What the exercise asks
Print the material underneath in full, keeping every line exactly as it is.

Data in this exercise
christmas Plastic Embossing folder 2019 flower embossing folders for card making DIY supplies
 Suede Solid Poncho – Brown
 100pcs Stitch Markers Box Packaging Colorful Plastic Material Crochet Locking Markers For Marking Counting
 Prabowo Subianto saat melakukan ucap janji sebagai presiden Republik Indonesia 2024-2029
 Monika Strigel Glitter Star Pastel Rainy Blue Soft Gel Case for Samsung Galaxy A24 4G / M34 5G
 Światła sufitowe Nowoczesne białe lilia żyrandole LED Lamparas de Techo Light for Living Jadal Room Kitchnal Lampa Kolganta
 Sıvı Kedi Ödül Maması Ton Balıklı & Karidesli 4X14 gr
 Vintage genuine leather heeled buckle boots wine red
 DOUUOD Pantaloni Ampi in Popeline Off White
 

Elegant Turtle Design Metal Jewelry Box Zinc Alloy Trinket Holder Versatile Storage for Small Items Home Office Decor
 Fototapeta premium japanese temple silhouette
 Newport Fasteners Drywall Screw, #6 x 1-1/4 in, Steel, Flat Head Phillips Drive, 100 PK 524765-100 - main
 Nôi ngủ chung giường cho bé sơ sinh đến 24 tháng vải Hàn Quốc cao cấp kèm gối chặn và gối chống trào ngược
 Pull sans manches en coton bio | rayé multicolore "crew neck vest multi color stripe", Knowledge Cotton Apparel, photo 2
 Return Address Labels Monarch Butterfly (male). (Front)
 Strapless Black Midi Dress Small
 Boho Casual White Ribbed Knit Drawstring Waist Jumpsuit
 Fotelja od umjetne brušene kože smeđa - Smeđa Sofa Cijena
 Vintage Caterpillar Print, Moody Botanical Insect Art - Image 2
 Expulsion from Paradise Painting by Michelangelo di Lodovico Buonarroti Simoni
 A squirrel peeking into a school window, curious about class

Solution to the exercise
christmas Plastic Embossing folder 2019 flower embossing folders for card making DIY supplies
 Suede Solid Poncho – Brown
 100pcs Stitch Markers Box Packaging Colorful Plastic Material Crochet Locking Markers For Marking Counting
 Prabowo Subianto saat melakukan ucap janji sebagai presiden Republik Indonesia 2024-2029
 Monika Strigel Glitter Star Pastel Rainy Blue Soft Gel Case for Samsung Galaxy A24 4G / M34 5G
 Światła sufitowe Nowoczesne białe lilia żyrandole LED Lamparas de Techo Light for Living Jadal Room Kitchnal Lampa Kolganta
 Sıvı Kedi Ödül Maması Ton Balıklı & Karidesli 4X14 gr
 Vintage genuine leather heeled buckle boots wine red
 DOUUOD Pantaloni Ampi in Popeline Off White
 

Elegant Turtle Design Metal Jewelry Box Zinc Alloy Trinket Holder Versatile Storage for Small Items Home Office Decor
 Fototapeta premium japanese temple silhouette
 Newport Fasteners Drywall Screw, #6 x 1-1/4 in, Steel, Flat Head Phillips Drive, 100 PK 524765-100 - main
 Nôi ngủ chung giường cho bé sơ sinh đến 24 tháng vải Hàn Quốc cao cấp kèm gối chặn và gối chống trào ngược
 Pull sans manches en coton bio | rayé multicolore "crew neck vest multi color stripe", Knowledge Cotton Apparel, photo 2
 Return Address Labels Monarch Butterfly (male). (Front)
 Strapless Black Midi Dress Small
 Boho Casual White Ribbed Knit Drawstring Waist Jumpsuit
 Fotelja od umjetne brušene kože smeđa - Smeđa Sofa Cijena
 Vintage Caterpillar Print, Moody Botanical Insect Art - Image 2
 Expulsion from Paradise Painting by Michelangelo di Lodovico Buonarroti Simoni
 A squirrel peeking into a school window, curious about class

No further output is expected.